→ **RECORD SET**:
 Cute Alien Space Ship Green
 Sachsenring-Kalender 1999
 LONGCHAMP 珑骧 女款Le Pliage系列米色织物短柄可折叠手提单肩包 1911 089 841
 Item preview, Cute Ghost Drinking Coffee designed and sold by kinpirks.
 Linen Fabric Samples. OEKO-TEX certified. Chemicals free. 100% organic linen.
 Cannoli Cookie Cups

---

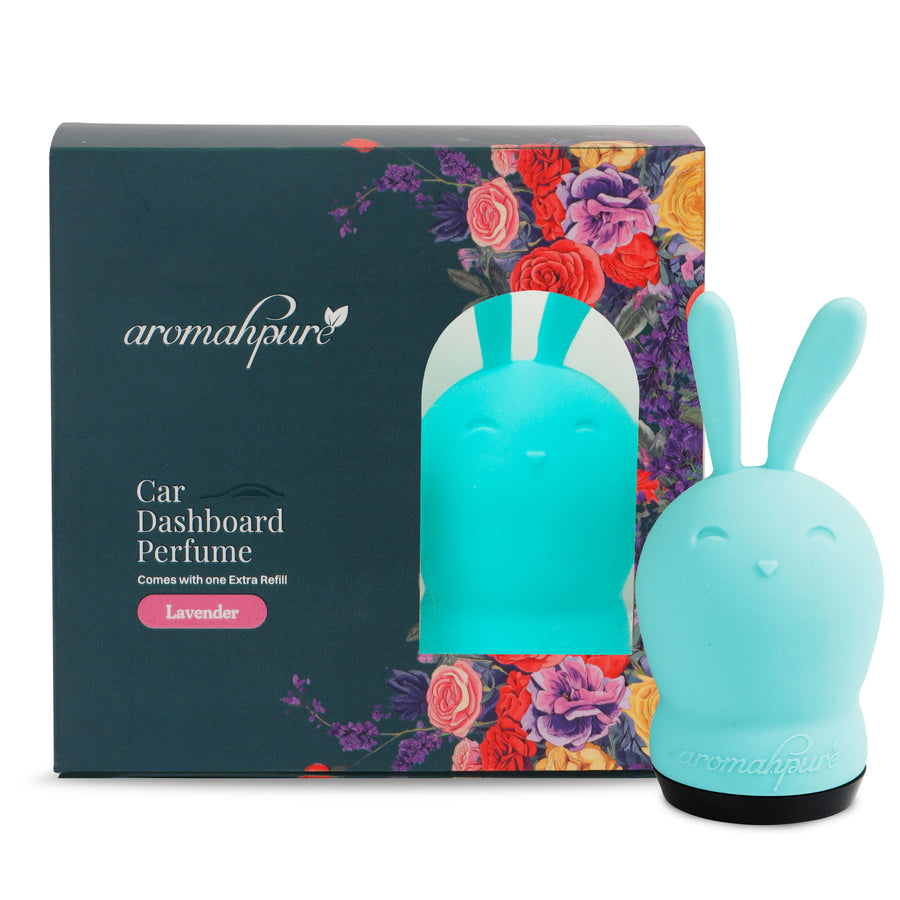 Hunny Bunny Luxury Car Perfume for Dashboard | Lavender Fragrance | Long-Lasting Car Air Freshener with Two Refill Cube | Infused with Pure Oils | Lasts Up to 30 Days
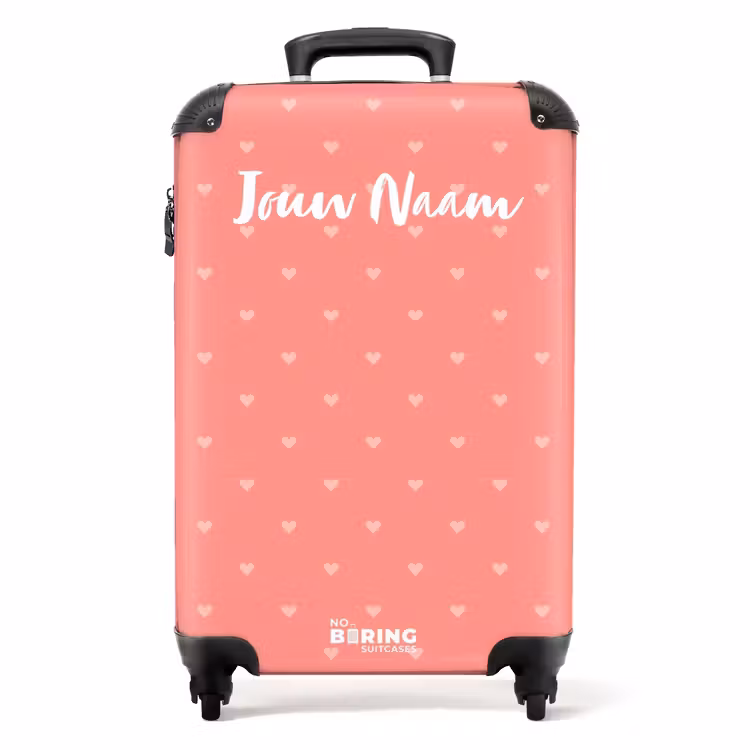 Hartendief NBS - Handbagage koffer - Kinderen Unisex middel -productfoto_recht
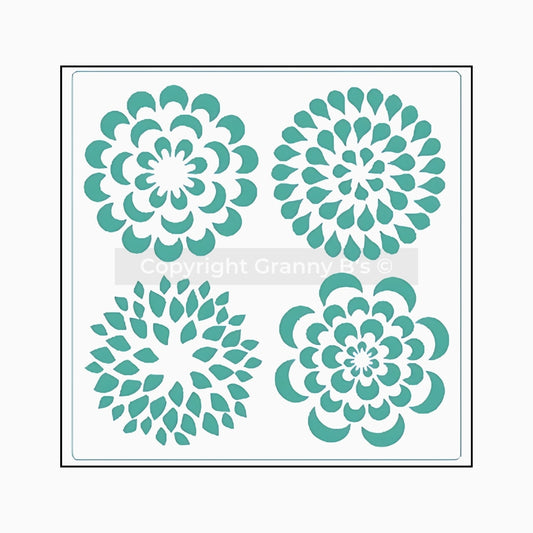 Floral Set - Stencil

→ **ASSIGNED TASK**: Above are some records; copy exactly the lines from the one with "Sachsenring-Kalender 1999" through the one with "Cannoli Cookie Cups", both included, and no others.

→ **SOLUTION BELOW**:
 Sachsenring-Kalender 1999
 LONGCHAMP 珑骧 女款Le Pliage系列米色织物短柄可折叠手提单肩包 1911 089 841
 Item preview, Cute Ghost Drinking Coffee designed and sold by kinpirks.
 Linen Fabric Samples. OEKO-TEX certified. Chemicals free. 100% organic linen.
 Cannoli Cookie Cups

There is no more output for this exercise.